*** Block opens ***

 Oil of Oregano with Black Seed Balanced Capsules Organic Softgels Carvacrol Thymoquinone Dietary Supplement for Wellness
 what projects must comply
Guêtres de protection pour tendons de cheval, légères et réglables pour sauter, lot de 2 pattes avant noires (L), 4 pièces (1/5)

*** Block closes ***
*** Block opens ***

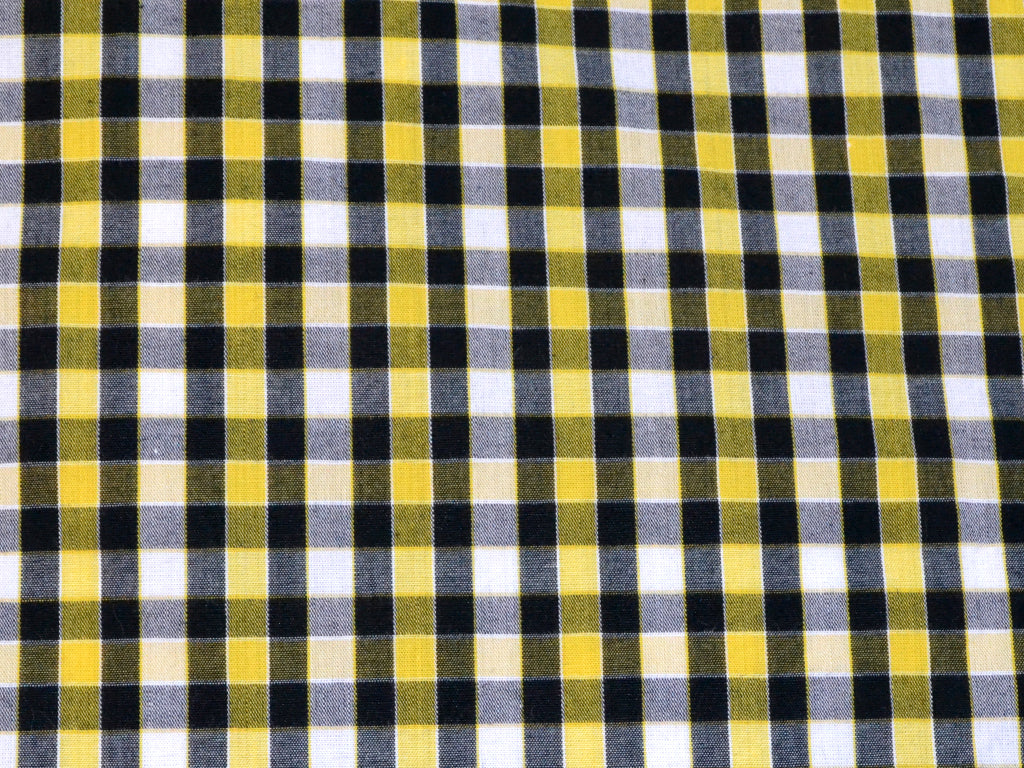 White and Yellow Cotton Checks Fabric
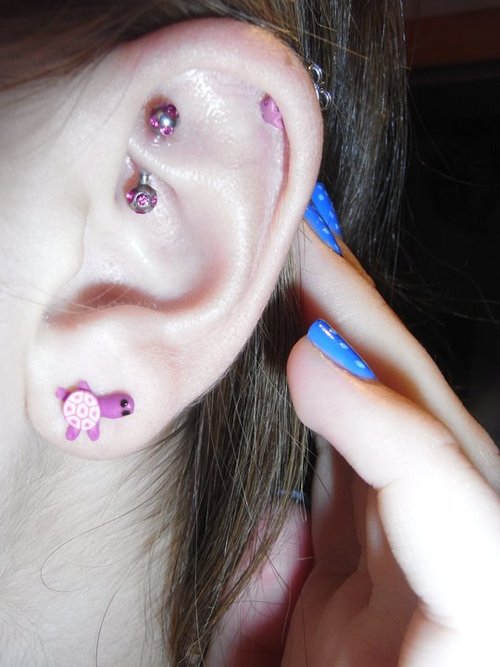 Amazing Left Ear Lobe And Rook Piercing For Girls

*** Block closes ***

• _Work to complete_
Reproduce, word for word and in full, only the lines above that start at the line with "Oil of Oregano" and run through the line with "Guêtres de protection", both ends included.

• _Final answer_
 Oil of Oregano with Black Seed Balanced Capsules Organic Softgels Carvacrol Thymoquinone Dietary Supplement for Wellness
 what projects must comply
Guêtres de protection pour tendons de cheval, légères et réglables pour sauter, lot de 2 pattes avant noires (L), 4 pièces (1/5)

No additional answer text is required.